Though "| eval myfield=entropy(somefield)" would be awesome, it doesn't exist (yet?). Is there a known method for this now or am I stuck using an "associate" hack to get entropy values for fields?

If I have to write a custom command that is fine but I'm not sure how to get it into eval (as I would like to do but isn't necessary) and it would be nice if it was native since associate is already calculating entropy to do what it needs to do.

1 Solution

rshoward
Path Finder

**2017 Update for Splunk 6.3+ - from the upcoming Information Theory Suite for Splunk**

Revised entropy.py for SCPv2 api. make sure "splunklib" is in bin dir. (no error handling) :

#!/usr/bin/env python
# coding=utf-8
from __future__ import absolute_import, division, print_function, unicode_literals

#####
#
# entropy.py
# Part of: Information Theory Suite for Splunk
#
# commands.conf  for SCPv2 chunked (splunk6.3+) but still recommend to use the SCPv1 config to get all records from stats buffers
"""
[entropy]
filename = entropy.py
chunked = true
"""
#
# commands.conf for SCPv1 (recommended for now due to stats and tstats + chunked limitations)
"""
[entropy]
filename = entropy.py
enableheader = true
outputheader = true
requires_srinfo = true
stderr_dest = message
supports_getinfo = true
supports_rawargs = true
supports_multivalues = true
"""
#####
# - rshoward
# Credit to http://stackoverflow.com/questions/2979174/how-do-i-compute-the-approximate-entropy-of-a-bit-string
# and the Revelation codebase (GPL, https://github.com/mikelolasagasti/revelation) for the entropy function
####

from splunklib.searchcommands import dispatch, StreamingCommand, Configuration, Option, validators
import sys

import math

def entropy(string):
    "Calculates the Shannon entropy of a string"

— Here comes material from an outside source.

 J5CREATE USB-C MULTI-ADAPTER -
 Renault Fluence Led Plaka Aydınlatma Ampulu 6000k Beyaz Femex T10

    # get probability of chars in string
    prob = [ float(string.count(c)) / len(string) for c in dict.fromkeys(list(string)) ]

    # calculate the entropy
    entropy = - sum([ p * math.log(p) / math.log(2.0) for p in prob ])

    return entropy

def entropy_ideal(length):
    "Calculates the ideal Shannon entropy of a string with given length"

    prob = 1.0 / length

    ideal = -1.0 * length * prob * math.log(prob) / math.log(2.0)

    return ideal



@Configuration()
class EntropyCommand(StreamingCommand):
    """ Calculates entropy and ideal values for a given set of fields.

    ##Syntax

    .. code-block::
        entropy includeideal=<bool> includedistance=<bool> <field-list>

    ##Description

    Calculate Shannon Entropy for the given field list. Values will be returned into the data stream as 
    entropy_<field-name>. Optionally, you can include the ideal entropy for the given field(s) string length, 
    as well as the distance between the field's entropy value, and the ideal entropy for said fields string length.

    ##Example

    Search for records where the entropy of any of the fields in a list are close to the ideal entropy.

    .. code-block::
        index=proxy_sg | entropy includeideal=T includedistance=T host path file options | search entropy_ideal_distance* > -1

    """
    includeideal = Option(
        doc='''
        **Syntax:** **includeideal=***<boolean>*
        **Description:** Calculate and include the ideal entropy for the given field(s) length''',
        require=False, validate=validators.Boolean())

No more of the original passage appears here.